The editorials editor resigned in protest this week, telling the Columbia Journalism Review the Times was remaining silent on the contest in “dangerous times.”

“I think my fear is that if we chose either one that it would just add to the division,” Dr. Patrick Soon-Shiong told Spectrum News in an exclusive interview. “Look what’s happened to the Twitter (X) feed. It’s gone a little crazy when we just said ‘you decide.’”


What You Need To Know

  • Some readers have taken to social media vowing to cancel their subscription to the Los Angeles Times in the wake of the debacle

  • The Los Angeles Times Guild Unit posted a statement on X asking loyal readers to keep their subscriptions but acknowledged many feel “angry, upset or confused”

  • Soon-Shiong said he asked the board to do a factual analysis of the actions by Vice President Kamala Harris and former President Donald Trump during their time at the White House

  • “I don’t know how (readers) look upon me or our family as ‘ultra progressive’ or not but I’m an Independent," Soon-Shiong said

“I want us desperately to air all the voices on the opinion side, on the op-ed side,” Soon-Shiong said. “I don’t know how (readers) look upon me or our family as ‘ultra progressive’ or not, but I’m an Independent.”

Some readers have taken to social media vowing to cancel their Los Angeles Times subscription in the wake of the debacle.

The Times has struggled to reach subscriber goals and laid off 13% of newsroom positions in 2023. 

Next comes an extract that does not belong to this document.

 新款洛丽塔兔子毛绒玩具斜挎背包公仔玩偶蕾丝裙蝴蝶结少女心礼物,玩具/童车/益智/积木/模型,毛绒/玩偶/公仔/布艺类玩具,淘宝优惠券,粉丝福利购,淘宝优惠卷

“You can voice your opinion, but I hope they understand by not subscribing that it just adds to the demise of democracy and the fourth estate,” Soon-Shiong said. 

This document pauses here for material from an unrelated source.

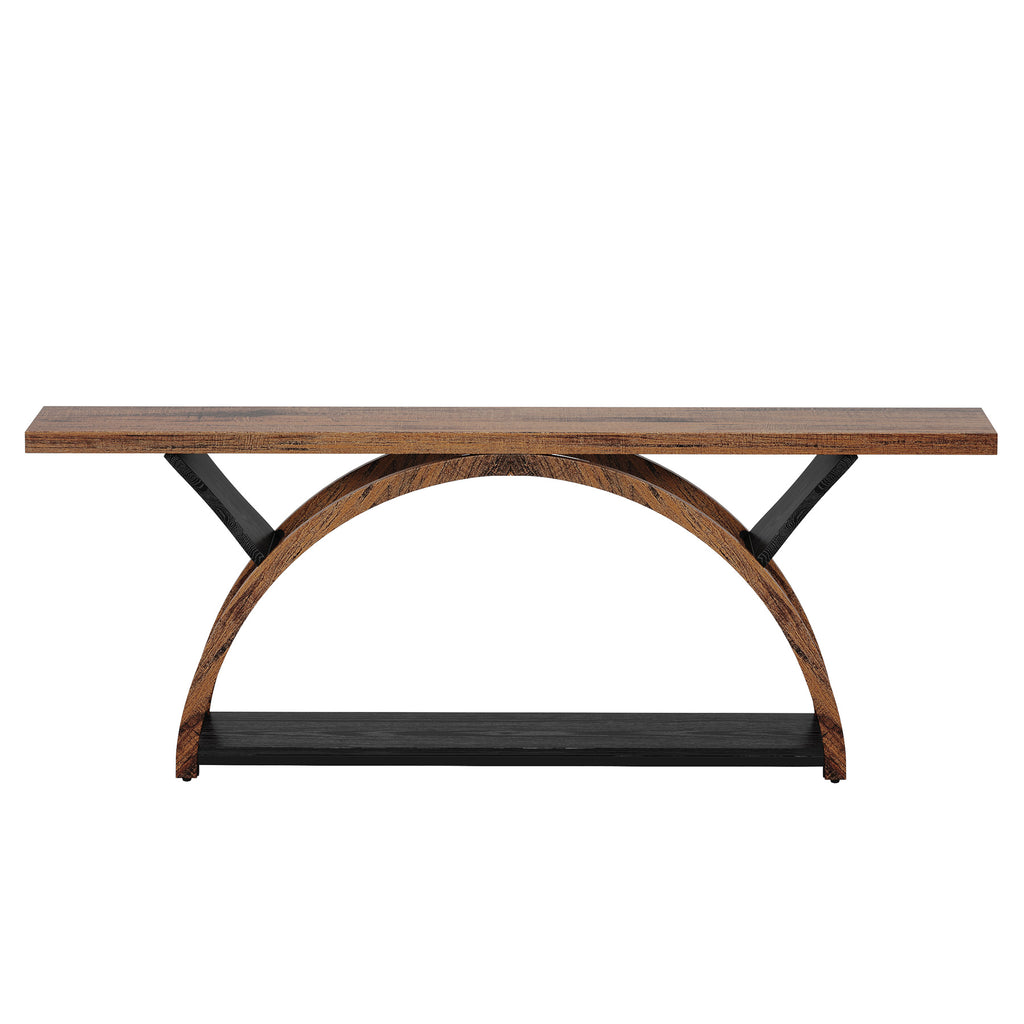 70.87" Console Table with Storage Shelf, Narrow Long Sofa Table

The Los Angeles Times Guild Unit posted a statement on X asking loyal readers to keep their subscriptions but acknowledged many feel “angry, upset or confused.”

“We remain deeply concerned about The Times’s owner’s decision to block a planned endorsement, and his statement that unfairly shifts blame onto editorial board members. We are pressing for answers,” the statement said. 

Soon-Shiong said he asked the board to do a factual analysis of the actions by Vice President Kamala Harris and former President Donald Trump during their time at the White House. In the interview, he pushed back against criticism he censored the editorial board, noting that Harris never sat for an interview with the editors. 

“As an owner, I’m on the editorial board and I shared with our editors that maybe this year we have a column, a page, two pages, if we want, of all the pros and all the cons and let the readers decide,” Soon-Shiong said of the conversation around making a presidential endorsement. 

The editor, Mariel Garza, said she had already drafted an endorsement of Harris when it was blocked by Soon-Shiong.

“It makes us look craven and hypocritical, maybe even a bit sexist and racist. How could we spend eight years railing against Trump and the danger his leadership poses to the country and then fail to endorse the perfectly decent Democrat challenger — who we previously endorsed for Senate,” Garza said in a letter posted by the Columbia Journalism Review. 

Garza could not be reached for comment by Spectrum News. 

Spectrum News 1 has a nightly news show in partnership with the Los Angeles Times.